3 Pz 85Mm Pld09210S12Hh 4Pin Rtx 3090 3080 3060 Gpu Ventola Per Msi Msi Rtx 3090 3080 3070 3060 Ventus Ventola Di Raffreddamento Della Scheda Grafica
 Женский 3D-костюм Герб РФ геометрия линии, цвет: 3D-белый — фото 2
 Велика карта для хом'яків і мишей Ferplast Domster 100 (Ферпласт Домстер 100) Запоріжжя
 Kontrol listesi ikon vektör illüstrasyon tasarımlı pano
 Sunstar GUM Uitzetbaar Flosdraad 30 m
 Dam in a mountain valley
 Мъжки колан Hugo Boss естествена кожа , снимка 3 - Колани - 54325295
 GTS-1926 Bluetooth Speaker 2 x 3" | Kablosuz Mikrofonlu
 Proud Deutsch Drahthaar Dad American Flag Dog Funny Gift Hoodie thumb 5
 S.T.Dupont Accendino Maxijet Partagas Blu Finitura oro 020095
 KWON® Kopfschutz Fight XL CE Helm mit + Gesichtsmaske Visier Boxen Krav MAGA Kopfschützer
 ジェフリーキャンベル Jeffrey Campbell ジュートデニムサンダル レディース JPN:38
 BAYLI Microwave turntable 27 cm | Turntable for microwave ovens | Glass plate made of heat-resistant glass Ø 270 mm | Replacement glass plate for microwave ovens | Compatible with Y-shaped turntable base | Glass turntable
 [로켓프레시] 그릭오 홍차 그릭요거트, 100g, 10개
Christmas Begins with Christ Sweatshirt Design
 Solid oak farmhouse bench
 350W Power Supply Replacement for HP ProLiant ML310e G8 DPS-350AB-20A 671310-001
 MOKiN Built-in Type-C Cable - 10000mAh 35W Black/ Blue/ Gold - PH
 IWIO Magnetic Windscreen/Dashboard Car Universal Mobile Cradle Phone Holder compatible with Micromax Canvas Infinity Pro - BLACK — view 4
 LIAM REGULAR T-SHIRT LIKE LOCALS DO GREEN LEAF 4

__EXERCISE OBJECTIVE__. Exactly as shown above, write out all the records.

__RESPONSE TO THE EXERCISE__.
3 Pz 85Mm Pld09210S12Hh 4Pin Rtx 3090 3080 3060 Gpu Ventola Per Msi Msi Rtx 3090 3080 3070 3060 Ventus Ventola Di Raffreddamento Della Scheda Grafica
 Женский 3D-костюм Герб РФ геометрия линии, цвет: 3D-белый — фото 2
 Велика карта для хом'яків і мишей Ferplast Domster 100 (Ферпласт Домстер 100) Запоріжжя
 Kontrol listesi ikon vektör illüstrasyon tasarımlı pano
 Sunstar GUM Uitzetbaar Flosdraad 30 m
 Dam in a mountain valley
 Мъжки колан Hugo Boss естествена кожа , снимка 3 - Колани - 54325295
 GTS-1926 Bluetooth Speaker 2 x 3" | Kablosuz Mikrofonlu
 Proud Deutsch Drahthaar Dad American Flag Dog Funny Gift Hoodie thumb 5
 S.T.Dupont Accendino Maxijet Partagas Blu Finitura oro 020095
 KWON® Kopfschutz Fight XL CE Helm mit + Gesichtsmaske Visier Boxen Krav MAGA Kopfschützer
 ジェフリーキャンベル Jeffrey Campbell ジュートデニムサンダル レディース JPN:38
 BAYLI Microwave turntable 27 cm | Turntable for microwave ovens | Glass plate made of heat-resistant glass Ø 270 mm | Replacement glass plate for microwave ovens | Compatible with Y-shaped turntable base | Glass turntable
 [로켓프레시] 그릭오 홍차 그릭요거트, 100g, 10개
Christmas Begins with Christ Sweatshirt Design
 Solid oak farmhouse bench
 350W Power Supply Replacement for HP ProLiant ML310e G8 DPS-350AB-20A 671310-001
 MOKiN Built-in Type-C Cable - 10000mAh 35W Black/ Blue/ Gold - PH
 IWIO Magnetic Windscreen/Dashboard Car Universal Mobile Cradle Phone Holder compatible with Micromax Canvas Infinity Pro - BLACK — view 4
 LIAM REGULAR T-SHIRT LIKE LOCALS DO GREEN LEAF 4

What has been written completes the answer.